• _WHAT YOU HAVE TO DO_
Filter the records below, keeping only lines with the string "Used".
◆ ◆ ◆ ◆
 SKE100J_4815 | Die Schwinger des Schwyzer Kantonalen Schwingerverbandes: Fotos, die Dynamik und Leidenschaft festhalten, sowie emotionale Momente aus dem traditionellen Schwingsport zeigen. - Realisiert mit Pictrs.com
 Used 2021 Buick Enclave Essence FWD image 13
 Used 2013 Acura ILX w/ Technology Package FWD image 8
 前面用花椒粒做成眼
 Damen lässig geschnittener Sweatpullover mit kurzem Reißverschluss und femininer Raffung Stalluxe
◆ ◆ ◆ ◆
• _YOUR SOLUTION_
 Used 2021 Buick Enclave Essence FWD image 13
 Used 2013 Acura ILX w/ Technology Package FWD image 8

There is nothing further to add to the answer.